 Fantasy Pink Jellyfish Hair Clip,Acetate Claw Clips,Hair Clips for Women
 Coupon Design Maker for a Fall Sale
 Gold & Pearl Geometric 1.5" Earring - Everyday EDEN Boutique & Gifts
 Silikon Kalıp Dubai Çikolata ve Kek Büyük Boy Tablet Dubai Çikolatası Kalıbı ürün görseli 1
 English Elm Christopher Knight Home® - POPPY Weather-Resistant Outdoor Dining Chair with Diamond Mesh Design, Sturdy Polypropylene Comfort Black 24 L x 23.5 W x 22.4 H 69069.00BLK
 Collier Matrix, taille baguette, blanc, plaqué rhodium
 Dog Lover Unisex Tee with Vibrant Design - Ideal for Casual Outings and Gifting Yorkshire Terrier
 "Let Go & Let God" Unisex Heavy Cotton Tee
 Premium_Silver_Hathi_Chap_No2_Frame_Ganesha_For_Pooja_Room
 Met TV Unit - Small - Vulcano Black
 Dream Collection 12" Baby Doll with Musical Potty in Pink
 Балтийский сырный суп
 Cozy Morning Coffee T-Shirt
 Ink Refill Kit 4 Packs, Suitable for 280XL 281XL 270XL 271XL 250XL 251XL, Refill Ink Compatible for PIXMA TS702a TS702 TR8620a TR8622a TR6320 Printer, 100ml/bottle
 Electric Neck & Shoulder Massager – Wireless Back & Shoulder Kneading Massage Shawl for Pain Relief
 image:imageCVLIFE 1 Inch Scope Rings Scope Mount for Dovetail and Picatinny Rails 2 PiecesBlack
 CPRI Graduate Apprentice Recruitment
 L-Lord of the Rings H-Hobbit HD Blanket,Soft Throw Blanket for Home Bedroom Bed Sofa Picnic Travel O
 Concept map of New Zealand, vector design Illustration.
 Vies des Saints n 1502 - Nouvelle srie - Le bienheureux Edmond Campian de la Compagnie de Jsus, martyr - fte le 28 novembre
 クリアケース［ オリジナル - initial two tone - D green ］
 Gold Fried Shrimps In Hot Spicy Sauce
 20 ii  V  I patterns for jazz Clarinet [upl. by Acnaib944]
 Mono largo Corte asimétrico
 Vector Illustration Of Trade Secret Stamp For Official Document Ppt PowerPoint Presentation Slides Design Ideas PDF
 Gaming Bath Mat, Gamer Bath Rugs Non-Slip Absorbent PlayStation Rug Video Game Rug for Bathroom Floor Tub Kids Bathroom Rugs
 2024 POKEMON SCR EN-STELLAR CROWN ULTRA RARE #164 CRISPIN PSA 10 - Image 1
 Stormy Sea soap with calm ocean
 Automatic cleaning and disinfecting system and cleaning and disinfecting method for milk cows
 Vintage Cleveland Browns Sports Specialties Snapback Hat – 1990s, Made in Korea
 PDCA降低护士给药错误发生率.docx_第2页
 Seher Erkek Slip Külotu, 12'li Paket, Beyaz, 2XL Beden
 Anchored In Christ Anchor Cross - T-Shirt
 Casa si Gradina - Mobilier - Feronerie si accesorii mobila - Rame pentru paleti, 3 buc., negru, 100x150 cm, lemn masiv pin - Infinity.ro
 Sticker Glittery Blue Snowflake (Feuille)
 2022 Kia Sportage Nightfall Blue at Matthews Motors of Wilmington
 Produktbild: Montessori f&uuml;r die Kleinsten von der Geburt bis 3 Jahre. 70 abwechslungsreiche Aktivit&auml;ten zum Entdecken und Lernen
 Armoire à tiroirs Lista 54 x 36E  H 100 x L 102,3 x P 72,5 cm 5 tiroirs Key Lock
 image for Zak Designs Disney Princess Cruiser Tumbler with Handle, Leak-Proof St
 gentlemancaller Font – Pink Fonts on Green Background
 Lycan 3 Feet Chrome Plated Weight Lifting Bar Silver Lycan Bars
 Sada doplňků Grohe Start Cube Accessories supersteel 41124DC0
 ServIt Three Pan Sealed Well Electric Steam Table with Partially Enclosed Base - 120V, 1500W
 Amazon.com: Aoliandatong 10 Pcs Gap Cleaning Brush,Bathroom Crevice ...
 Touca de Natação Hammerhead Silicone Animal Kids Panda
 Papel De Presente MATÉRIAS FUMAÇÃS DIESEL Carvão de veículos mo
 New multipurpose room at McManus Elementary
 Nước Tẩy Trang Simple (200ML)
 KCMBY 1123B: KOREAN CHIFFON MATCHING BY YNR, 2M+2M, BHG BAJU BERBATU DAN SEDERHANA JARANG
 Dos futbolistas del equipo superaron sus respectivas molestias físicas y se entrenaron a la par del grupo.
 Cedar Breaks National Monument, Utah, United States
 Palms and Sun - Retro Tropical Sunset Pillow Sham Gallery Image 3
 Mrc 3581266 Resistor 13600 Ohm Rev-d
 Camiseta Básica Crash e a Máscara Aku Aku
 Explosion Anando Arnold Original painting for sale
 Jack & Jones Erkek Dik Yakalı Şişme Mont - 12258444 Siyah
========================================
◆ TASK: Start at the line containing "Cedar Breaks National" and return each line up to and including the last line of the material.

◆ YOUR RESPONSE:
 Cedar Breaks National Monument, Utah, United States
 Palms and Sun - Retro Tropical Sunset Pillow Sham Gallery Image 3
 Mrc 3581266 Resistor 13600 Ohm Rev-d
 Camiseta Básica Crash e a Máscara Aku Aku
 Explosion Anando Arnold Original painting for sale
 Jack & Jones Erkek Dik Yakalı Şişme Mont - 12258444 Siyah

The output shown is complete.